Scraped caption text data
= Beginning of Section =
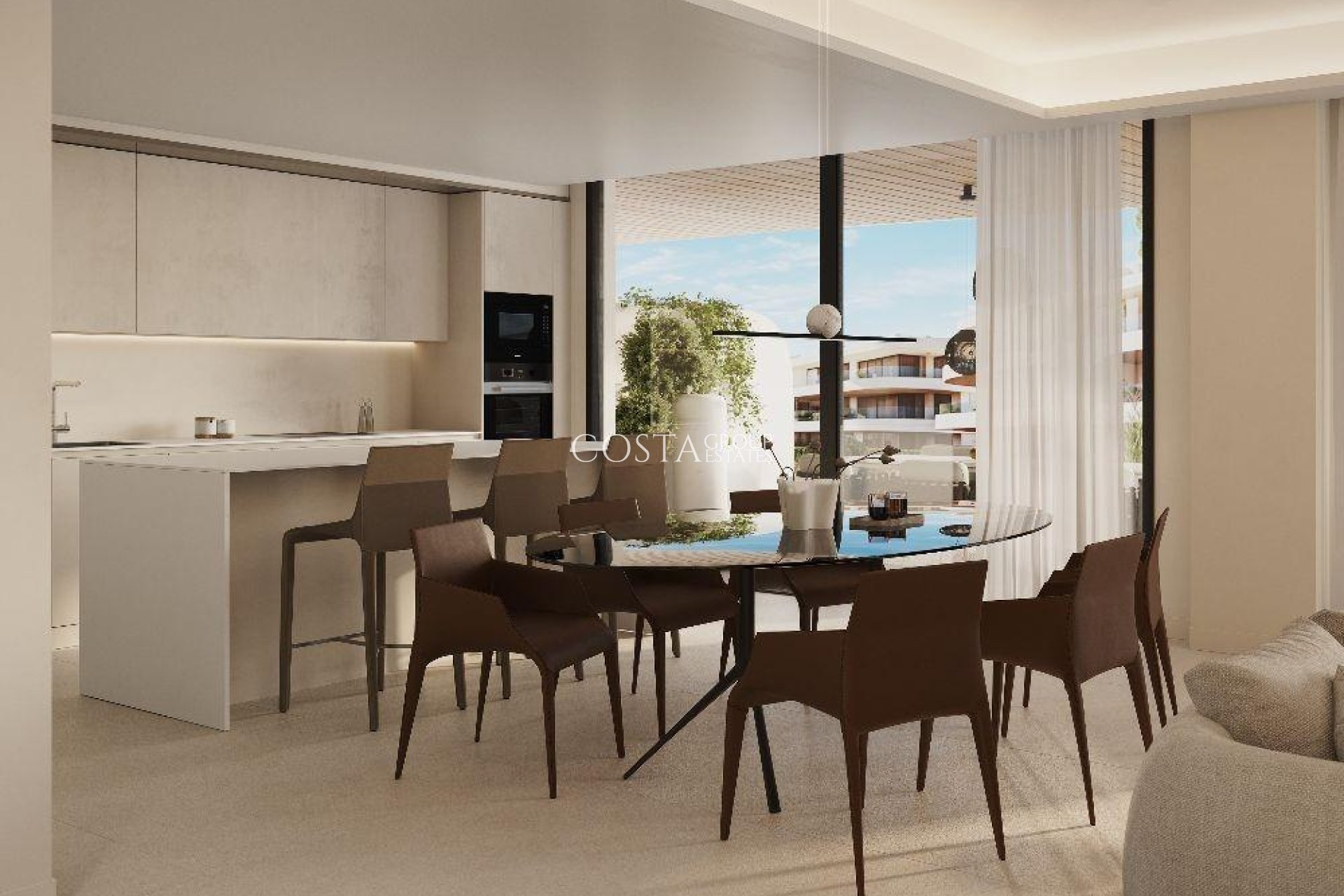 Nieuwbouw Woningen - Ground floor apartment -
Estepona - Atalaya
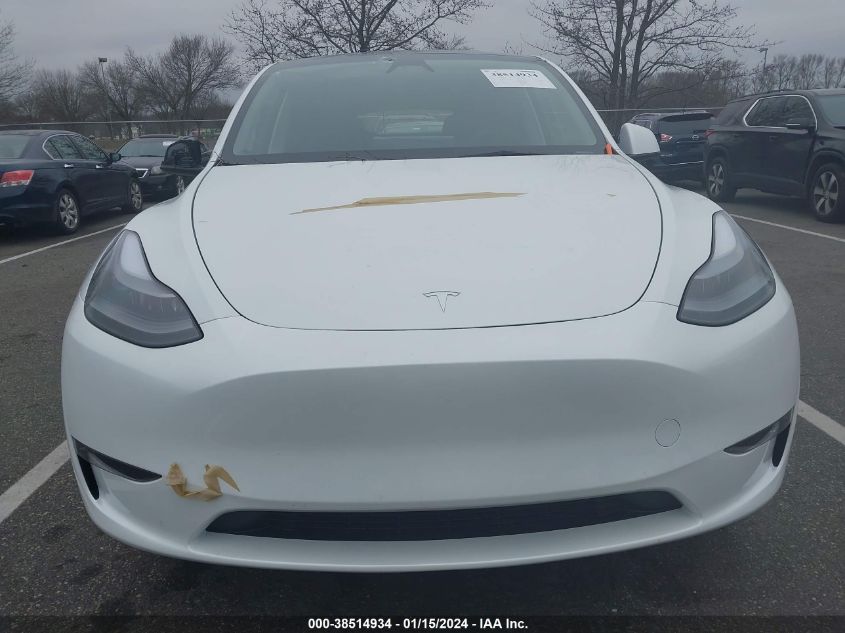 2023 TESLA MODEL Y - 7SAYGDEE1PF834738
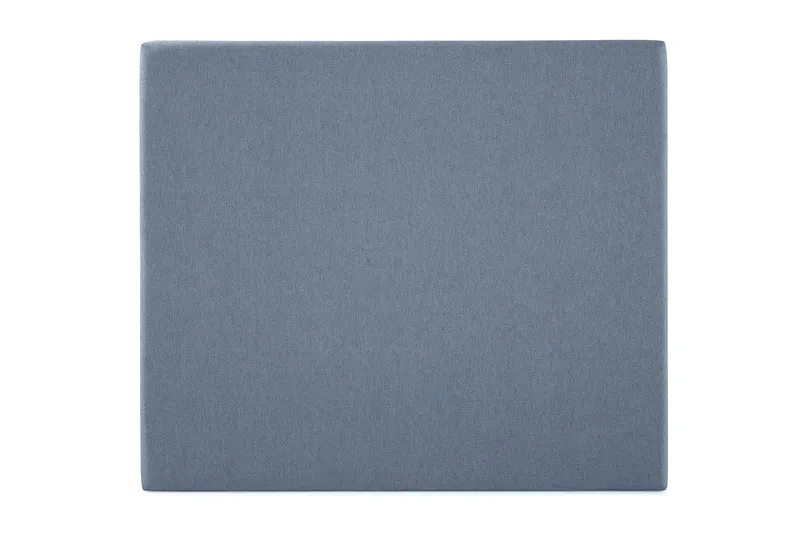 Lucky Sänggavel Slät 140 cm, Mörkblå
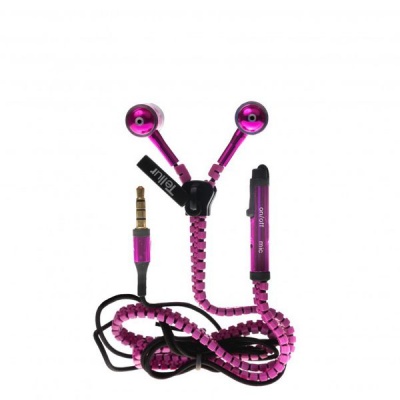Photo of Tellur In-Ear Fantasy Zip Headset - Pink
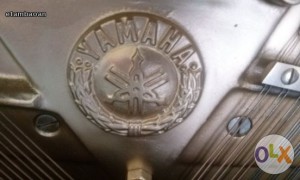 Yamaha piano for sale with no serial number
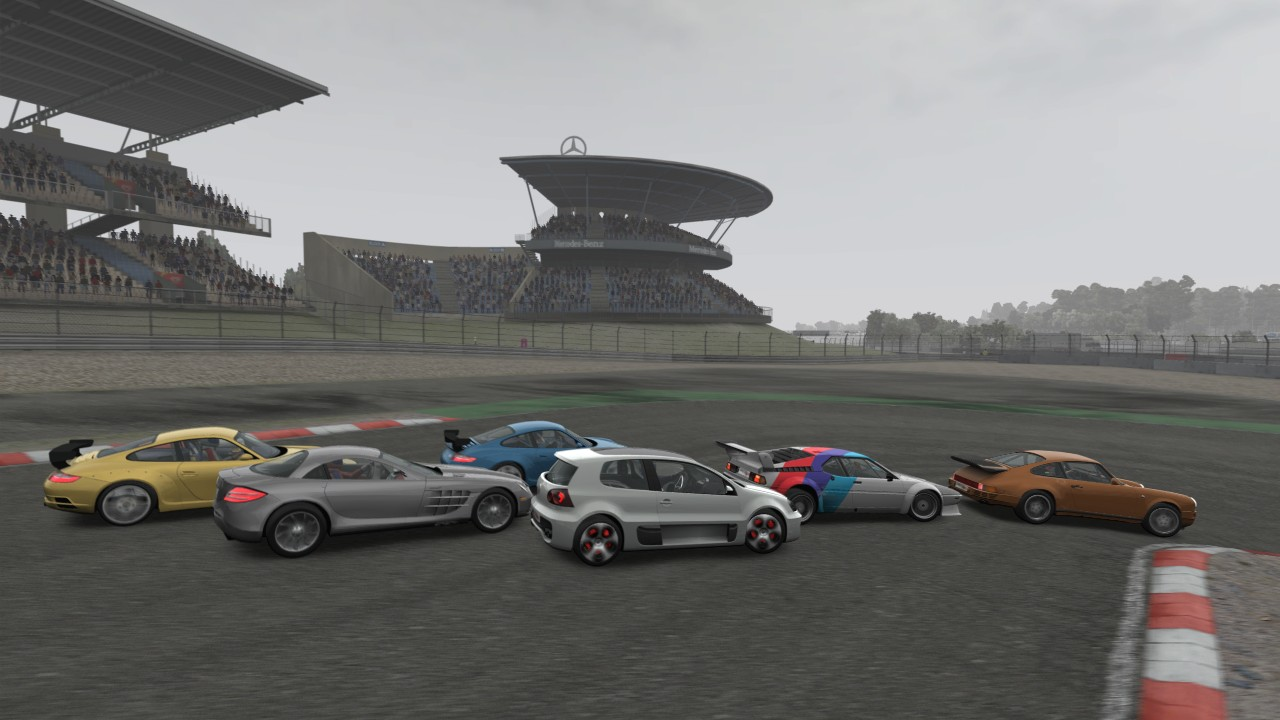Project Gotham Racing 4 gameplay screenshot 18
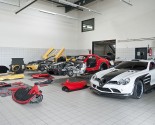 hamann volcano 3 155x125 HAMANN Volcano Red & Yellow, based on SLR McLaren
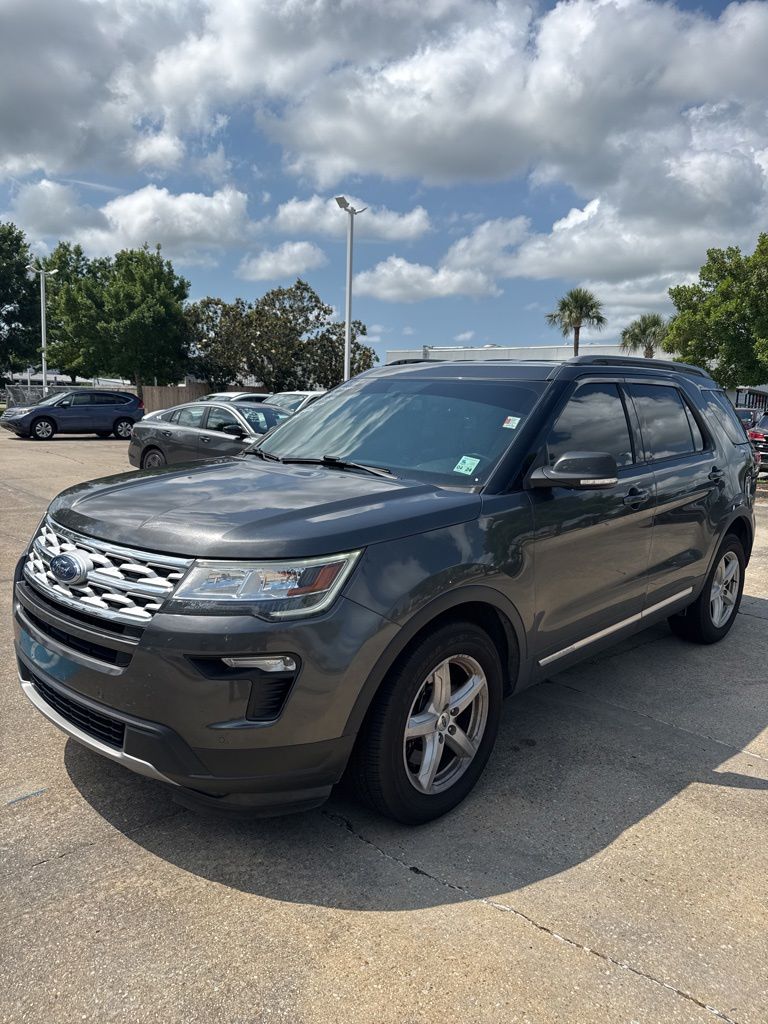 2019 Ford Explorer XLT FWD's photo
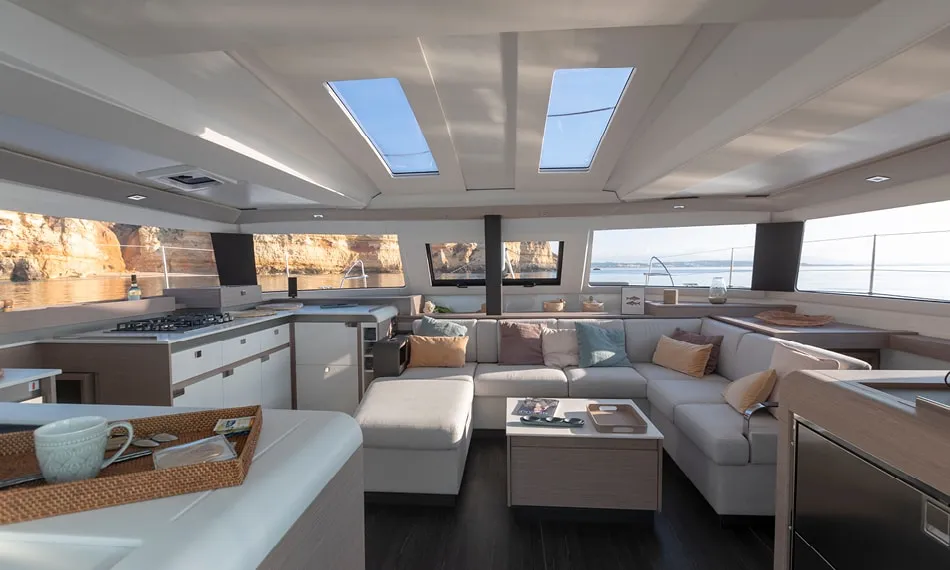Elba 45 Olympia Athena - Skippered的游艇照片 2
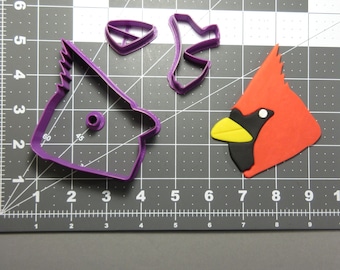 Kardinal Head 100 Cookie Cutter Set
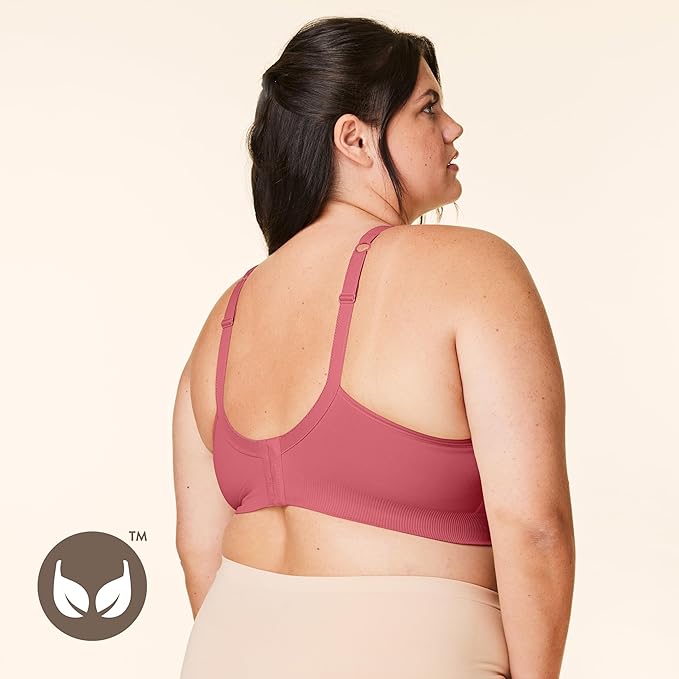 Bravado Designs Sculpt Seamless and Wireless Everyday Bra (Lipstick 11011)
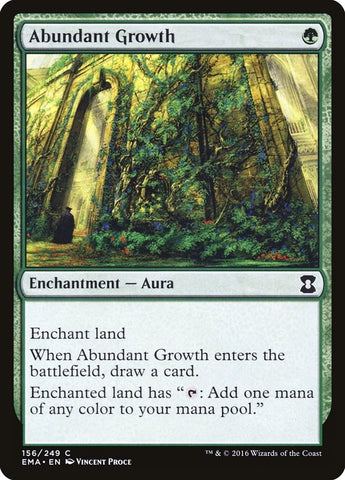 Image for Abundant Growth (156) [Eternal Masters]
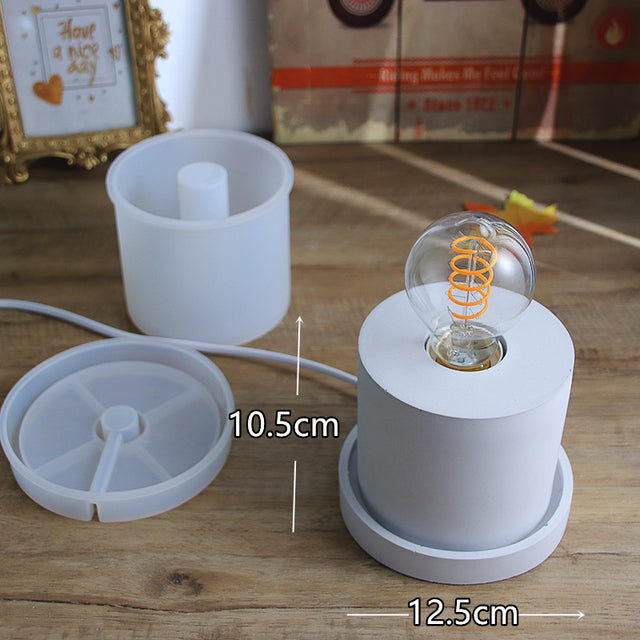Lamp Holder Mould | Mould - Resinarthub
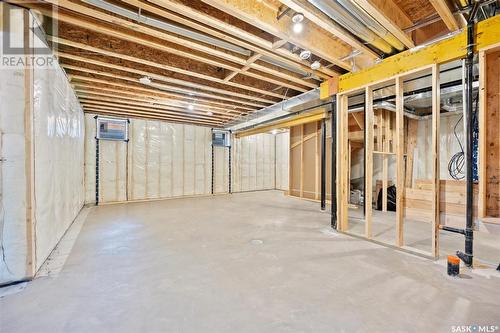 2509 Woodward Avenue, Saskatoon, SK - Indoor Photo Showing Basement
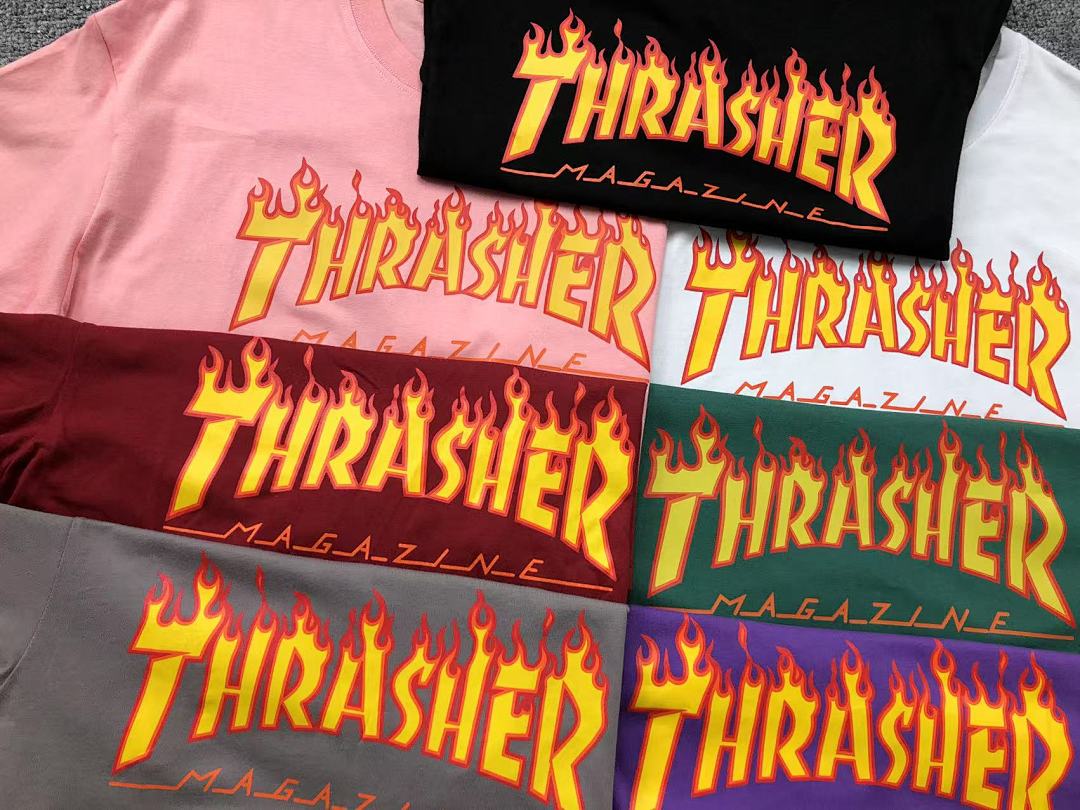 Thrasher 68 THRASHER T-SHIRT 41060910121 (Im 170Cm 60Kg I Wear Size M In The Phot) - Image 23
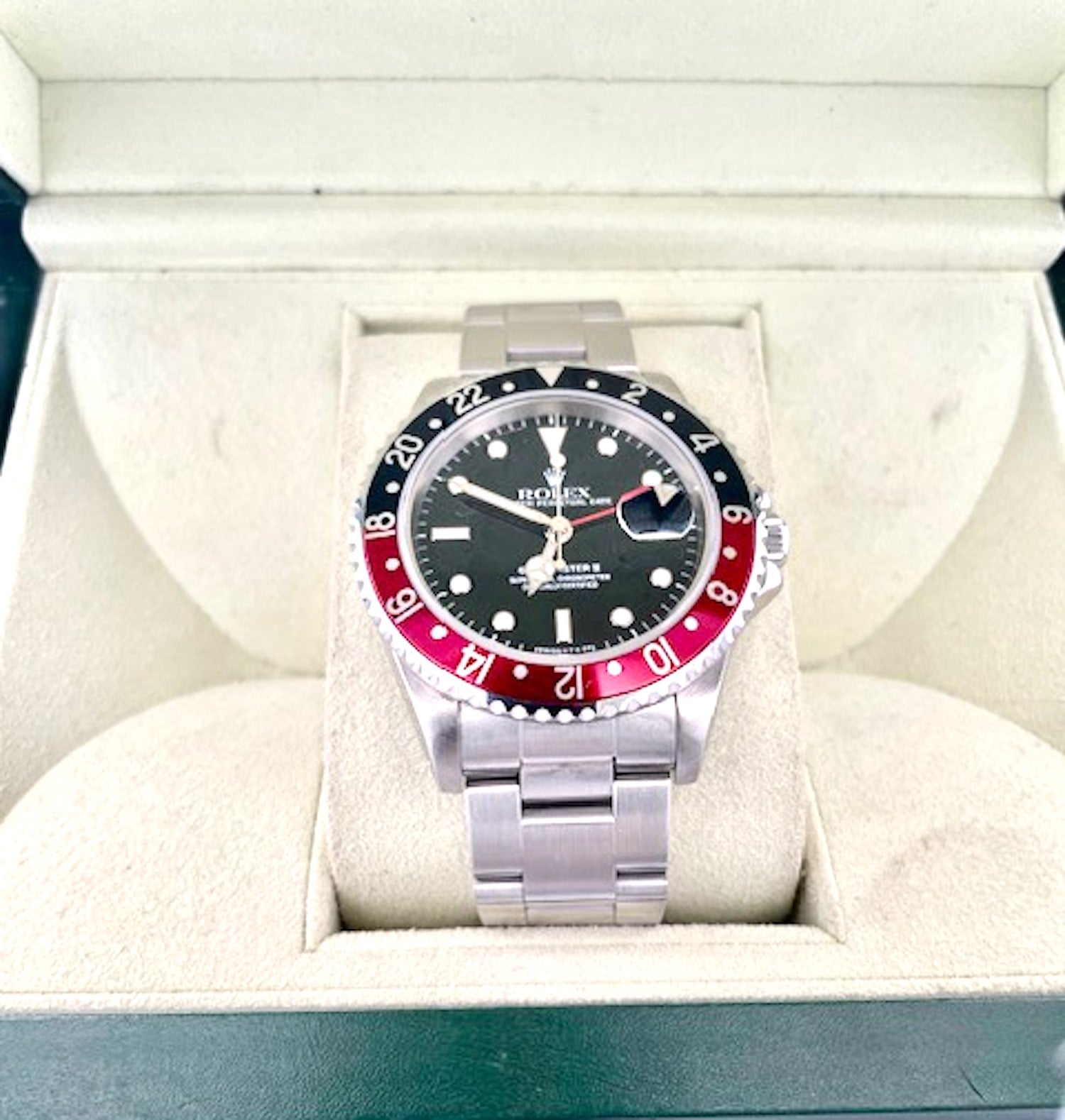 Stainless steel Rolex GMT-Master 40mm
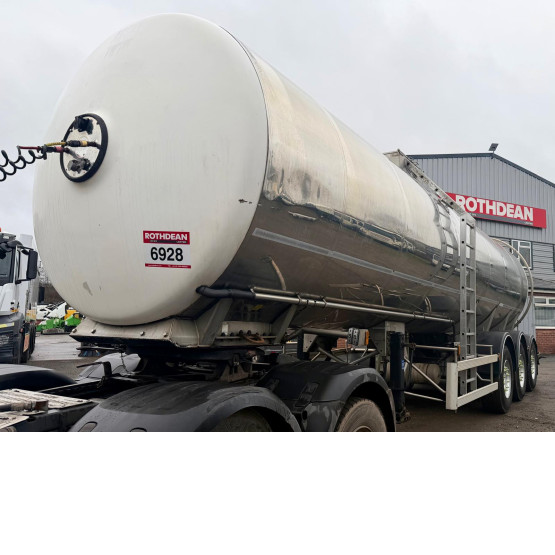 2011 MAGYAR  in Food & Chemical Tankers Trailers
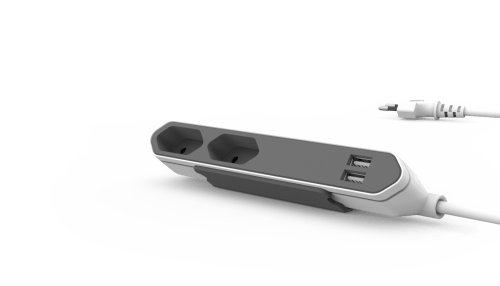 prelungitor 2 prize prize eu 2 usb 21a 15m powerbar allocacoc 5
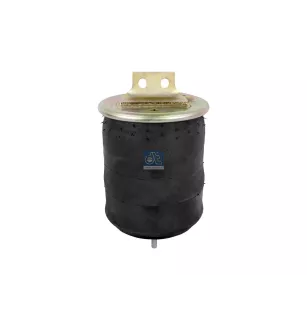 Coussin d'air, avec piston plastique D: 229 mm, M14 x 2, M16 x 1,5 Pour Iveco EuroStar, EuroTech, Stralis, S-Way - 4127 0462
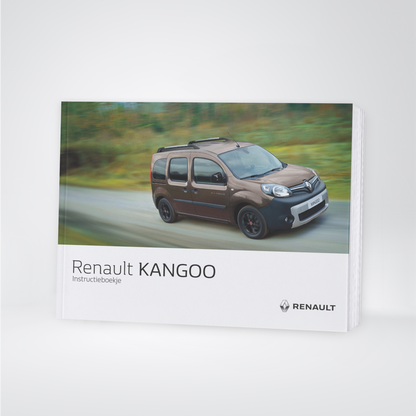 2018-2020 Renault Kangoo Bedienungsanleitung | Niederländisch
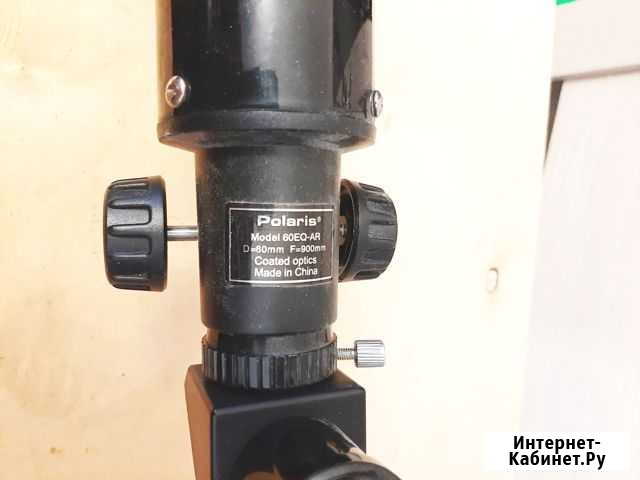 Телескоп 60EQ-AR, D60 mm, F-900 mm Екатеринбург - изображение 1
= End of Section =
◆ **Aim of the exercise**
When copying, output the data exactly and leave out the pictures.

◆ **Written response**
 Nieuwbouw Woningen - Ground floor apartment -
Estepona - Atalaya
 2023 TESLA MODEL Y - 7SAYGDEE1PF834738
 Lucky Sänggavel Slät 140 cm, Mörkblå
Photo of Tellur In-Ear Fantasy Zip Headset - Pink
 Yamaha piano for sale with no serial number
Project Gotham Racing 4 gameplay screenshot 18
 hamann volcano 3 155x125 HAMANN Volcano Red & Yellow, based on SLR McLaren
 2019 Ford Explorer XLT FWD's photo
Elba 45 Olympia Athena - Skippered的游艇照片 2
 Kardinal Head 100 Cookie Cutter Set
 Bravado Designs Sculpt Seamless and Wireless Everyday Bra (Lipstick 11011)
 Image for Abundant Growth (156) [Eternal Masters]
Lamp Holder Mould | Mould - Resinarthub
 2509 Woodward Avenue, Saskatoon, SK - Indoor Photo Showing Basement
 Thrasher 68 THRASHER T-SHIRT 41060910121 (Im 170Cm 60Kg I Wear Size M In The Phot) - Image 23
 Stainless steel Rolex GMT-Master 40mm
 2011 MAGYAR  in Food & Chemical Tankers Trailers
 prelungitor 2 prize prize eu 2 usb 21a 15m powerbar allocacoc 5
 Coussin d'air, avec piston plastique D: 229 mm, M14 x 2, M16 x 1,5 Pour Iveco EuroStar, EuroTech, Stralis, S-Way - 4127 0462
 2018-2020 Renault Kangoo Bedienungsanleitung | Niederländisch
 Телескоп 60EQ-AR, D60 mm, F-900 mm Екатеринбург - изображение 1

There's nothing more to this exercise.